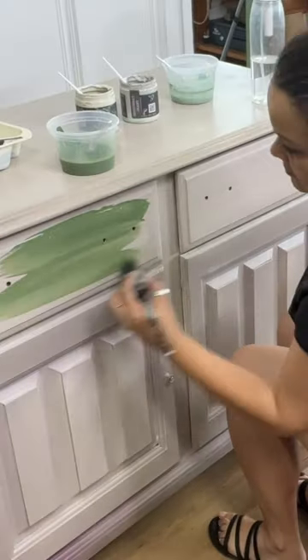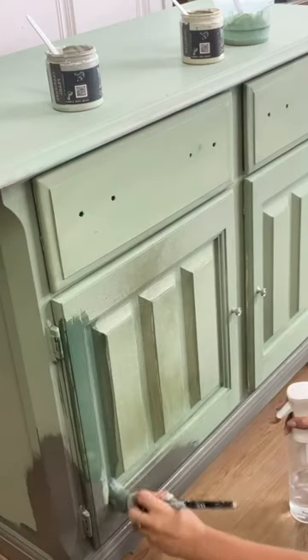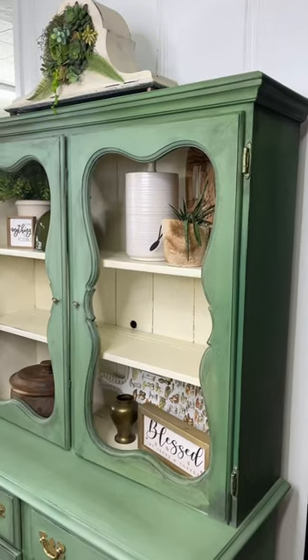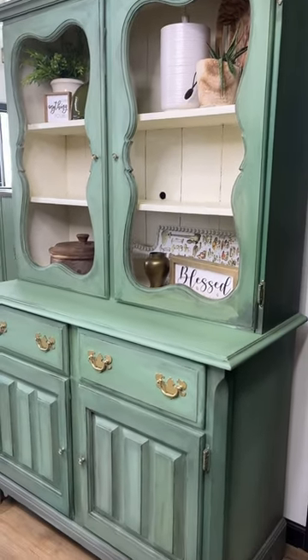DIY paint is so highly pigmented. You can water it down 10 to 1 and still retain the pigment. It doesn't separate. It's amazing. Not only did I paint this piece in this 8 ounce challenge, I actually used less than 8 ounces.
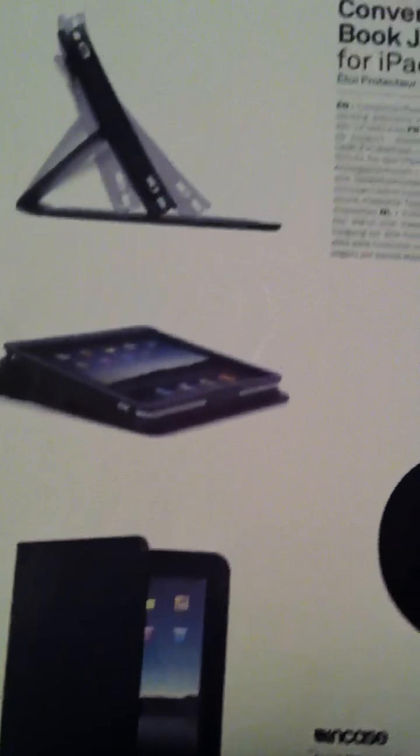Another complaint was the branding. The original inCase wording was in white — it had stitching all over it and the inCase logo on the back was also in white. But mine has it all in black, and I like that. It doesn't stand out. That's why I was able to put my Apple sticker right here on the case without having to worry about white insignias just standing out.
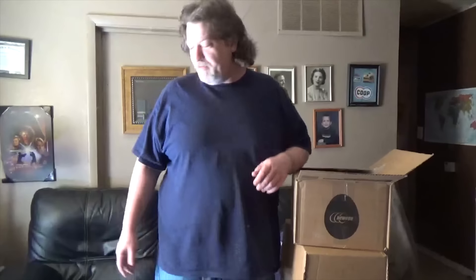Hey everybody, Joel Pirate here. I fucked up already. Hey everybody, Joel Pirate here.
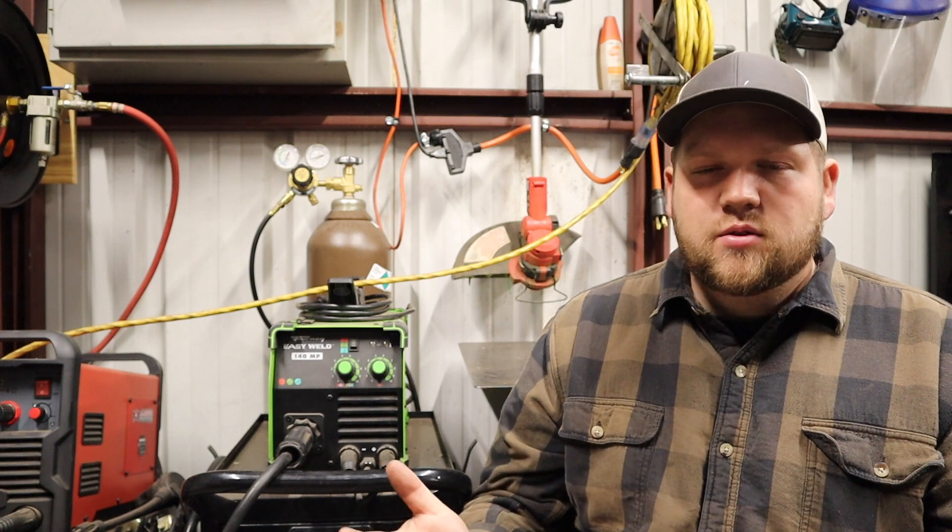So that's really the basics of the differences between these two welding processes. This is the first video in this series — I thought it was a good place to start because people need to know what they're getting into before they even begin welding. Thanks for watching! If you liked this video give it a thumbs up, and if you aren't subscribed already please go ahead and click subscribe. Hope to see you in my next video.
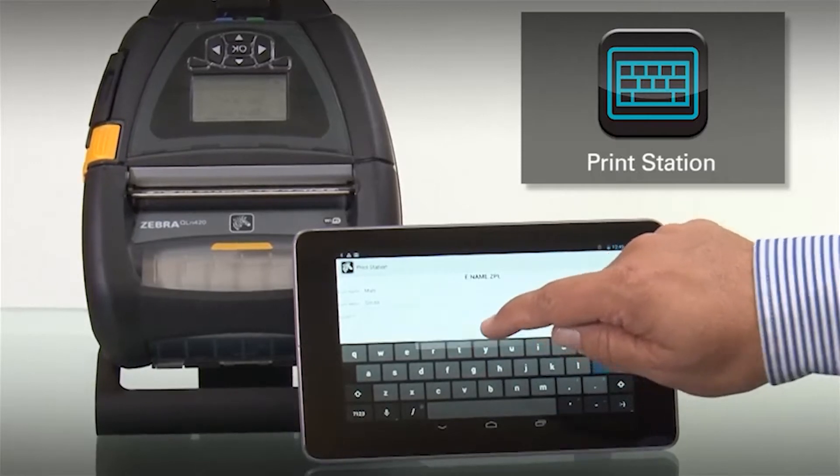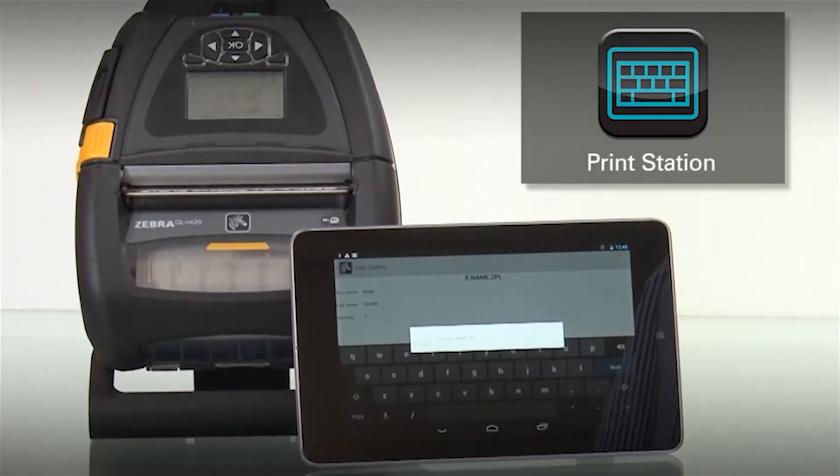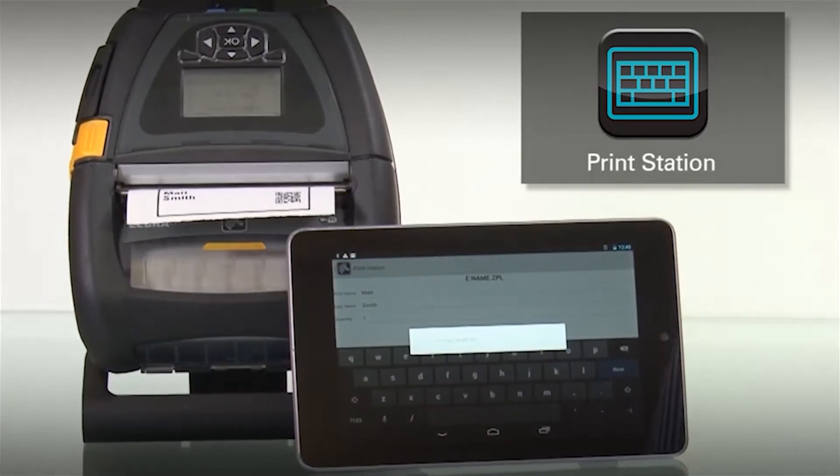Touch print and your job will be automatically sent to your printer on demand. So that's PrintStation — driverless printing from the Android platform.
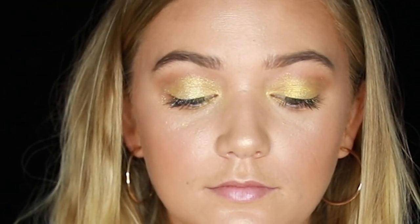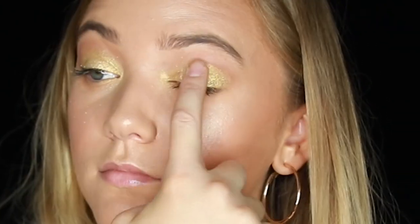We're taking our Spell Brown Sprinkle glitter and we're just going to layer that on top just for a more sparkly look. She had a ton of glitter on.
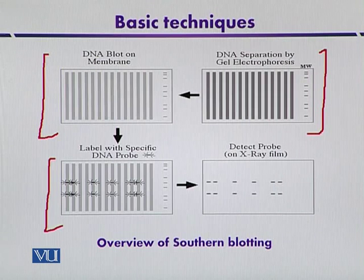Where complementarity exists — if the probe has a complementary sequence to the target DNA — base pairing occurs. The membrane is then washed so that extra unlabeled radioactivity is removed. In the fourth step, the membrane is analyzed by autoradiography using X-ray film.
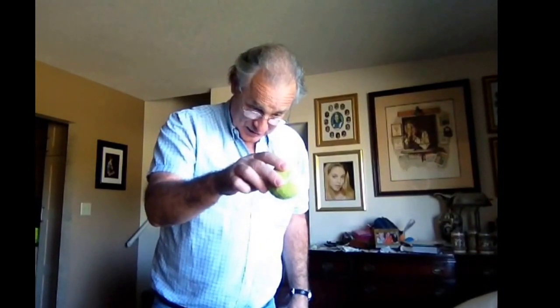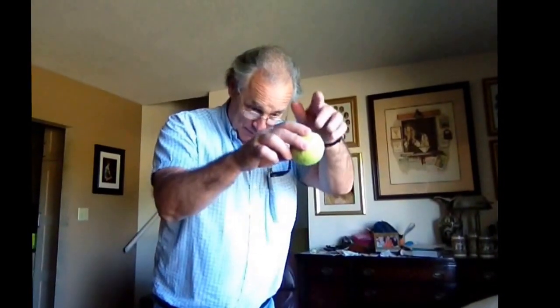Good morning! What I'm gonna do for you now is another little trick with a tennis ball. This is gonna be called the levitating tennis ball. Touch it, touch it, touch it — is it real? Is it real? Good girl, it's real.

Problem to work on> Repeat verbatim the lines between the start of the data and the line containing "Hey everybody, Joel Pirate here. I", both ends included, omitting all pictures.

Answer>
DIY paint is so highly pigmented. You can water it down 10 to 1 and still retain the pigment. It doesn't separate. It's amazing. Not only did I paint this piece in this 8 ounce challenge, I actually used less than 8 ounces.
Another complaint was the branding. The original inCase wording was in white — it had stitching all over it and the inCase logo on the back was also in white. But mine has it all in black, and I like that. It doesn't stand out. That's why I was able to put my Apple sticker right here on the case without having to worry about white insignias just standing out.
Hey everybody, Joel Pirate here. I fucked up already. Hey everybody, Joel Pirate here.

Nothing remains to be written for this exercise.